Suppose $M$ is a $\sigma$-finite measure space, and $\Gamma$ a set of positive-measure subsets of $M$ such that every point in $M$ belongs to only finitely many members of $\Gamma$. Must $\Gamma$ be countable? (And if the answer to this question is no for general σ-finite measures, is it also no for, say, Lebesgue measure?)
• I can see that if the conjecture that Γ has to be countable is true when $M$ has finite measure, it must be also be true when $M$ is σ-finite. (Just decompose $M$ into $M_0 ∪ M_1 ∪ \ldots$ where each $M_i$ is finite-measure. For each $i$, only countably many of Γ will have positive measure intersection with $M_i$; but every member of Γ must have positive-measure overlap with some $M_i$, so Γ must be countable.) So we can focus on the case where $M$ is finite measure.
• I can prove the following weaker result: suppose $M$ is finite-measure and Γ a set of positive-measure subsets of $M$ such that every point in $M$ belongs to at most $n$ members of Γ, then Γ must be countable. (For each ε>0, at most $nμ(M)/ε$ members of Γ have measure ≥ε. So we can enumerate all the members of Γ by first enumerating those with measure≥1, then those with measure ≥1/2, then those with measure ≥1/4, etc.)

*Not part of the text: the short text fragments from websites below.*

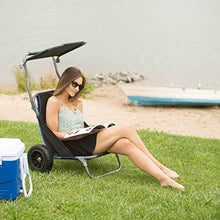 Relaxdays Carrello da Spiaggia Pieghevole, Sedia con Parasole, Ruote Gomma Piena, Carrellino 100 kg per la Sabbia, Nero, 1 pz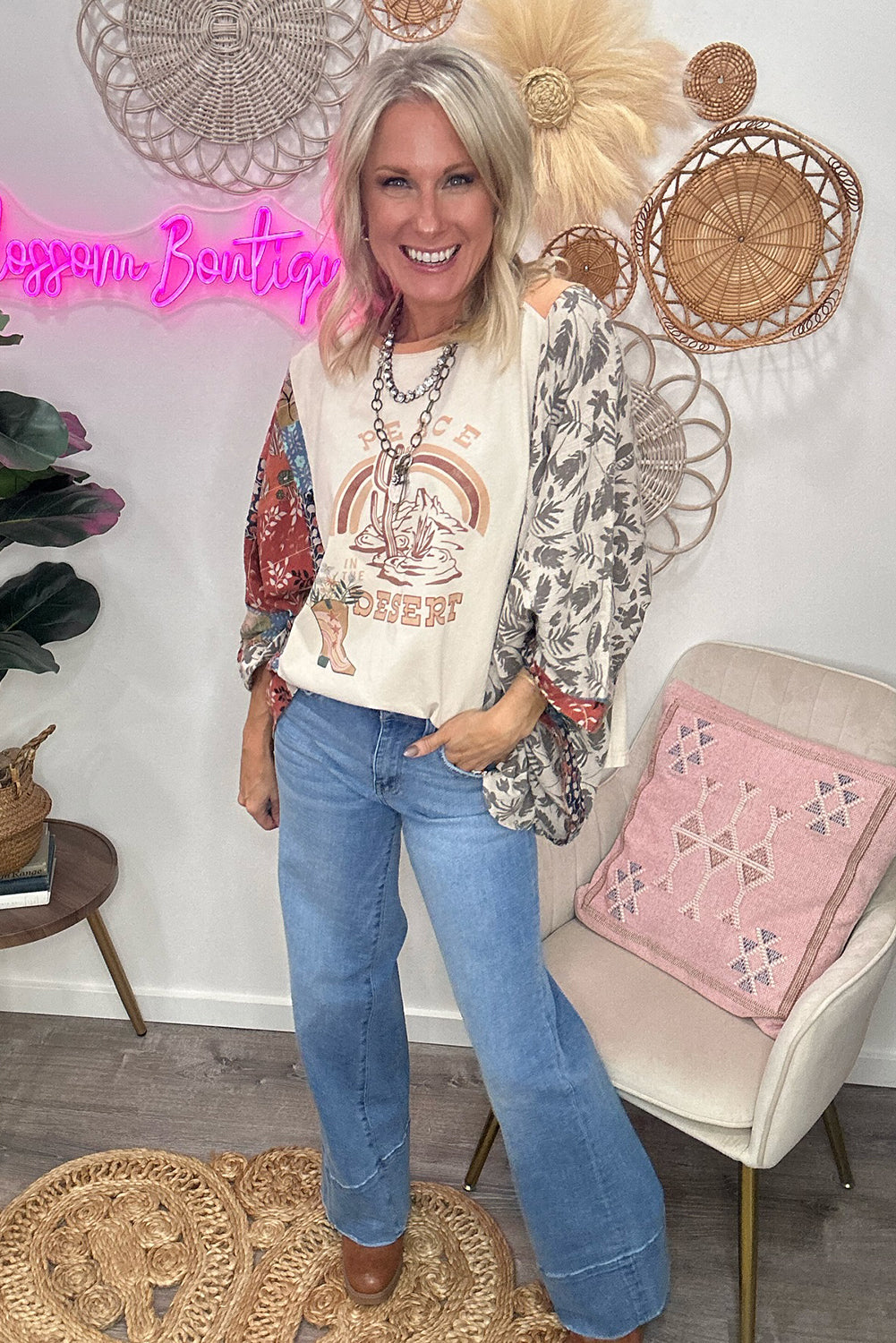 Multicolour Asymmetric Printed Patchwork Sleeve Peace Desert Graphic Top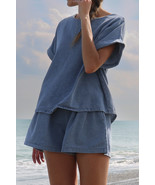 Light Blue Denim Cuffed Sleeve Tee Elastic Shorts Set - $718.38 MXN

• Returning to the original conjecture, I can see how to prove it if only I could take it for granted that for each $i$, the set $E_i$ of points in $M$ that belong to exactly $i$ members of Γ is measurable. In that case, I could first use the weaker result to show that for each $i$, at most countably many members of Γ have positive-measure overlap with $E_i$, and then argue that since $M = E_0 ∪ E_1 ∪ \ldots$ and the $E_i$ are measurable, every member of Γ must have positive-measure overlap with at least one of the $E_i$, establishing that Γ is itself countable. Unfortunately this doesn't work if the $E_i$ aren't measurable, and I don't see any way to show that they are.
(This question is a follow-up to Can an uncountable family of positive-measure sets be such that no point belongs to uncountably many of them?.)
Best Answer
Assume a finite measure. There is an $\epsilon > 0$ and countable collection $E_i$ with $\mu(E_i) > \epsilon$, because the alternative is that $\lbrace E: \mu(E) > \frac 1 n \rbrace$ is finite for all $n$, which would make $\lbrace E: \mu(E) > 0 \rbrace$ countable. Let $F_n = E_n \cup E_{n+1} \cup .... $. The sequence of indicators $1_{F_n} $ is monotone decreasing and converges to $0$ on the set where $x \in E_i$ finitely often, and $1$ if $x \in E_i$ infinitely often. It is also bounded by 1. By bounded convergence it converges in $ \mathbb L _1$. But since $\int 1_{F_n} d\mu > \epsilon $ the same must be true of the limit.